Met Council CEO William Rapfogel, shown with Brooklyn Borough President Marty Markowitz in a June 2012 photo, was fired for alleged financial malfeasance.

Met Council CEO William Rapfogel, right, shown with Brooklyn Borough President Marty Markowitz in a June 2012 photo, was fired for alleged financial malfeasance.

NEW YORK (JTA) — William Rapfogel, the longtime head of the Metropolitan Council on Jewish Poverty in New York City, was fired for alleged financial malfeasance that is being investigated by the state.

On Monday, the Met Council said it terminated Rapfogel as its CEO and president – posts he has held since 1992. According to the social services agency, the financial irregularities were discovered in an investigation initiated by its board of directors, The New York Times reported.

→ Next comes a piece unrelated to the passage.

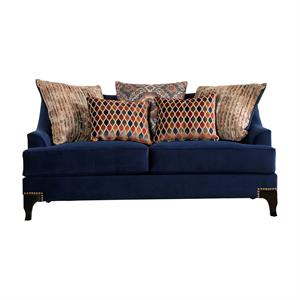Bowery Hill Transitional Soft Texture Chenille Loveseat in Navy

New York State Attorney General Eric Schneiderman is probing the malfeasance.

“The board of directors of Met Council recently became aware of specific information regarding financial irregularities and apparent misconduct in connection with the organization’s insurance policies,” the Met Council was quoted as saying by The New York Times. “The board retained outside counsel to conduct a full investigation. Based on that investigation, which is ongoing, the board has terminated Mr. Rapfogel, effective immediately, and notified the proper authority. To date, the investigation has not revealed evidence that any current employees of Met Council engaged in any wrongdoing.”

Rapfogel in a statement through his lawyers on Monday said, “I deeply regret the mistakes I have made that led to my departure from the organization.” He also expressed a desire to “make amends.”

Rapfogel hosts an annual breakfast that draws many influential political figures, including the candidates for mayor in this year’s race.

Prior to his role at the Met Council, Rapfogel worked as an assistant New York City comptroller and as an aide to Mayor Edward Koch.

The Met Council, which provides employment services, crisis intervention, emergency food and other programs for poor Jewish households, said in a statement it would “work diligently to appoint a replacement as quickly as possible.”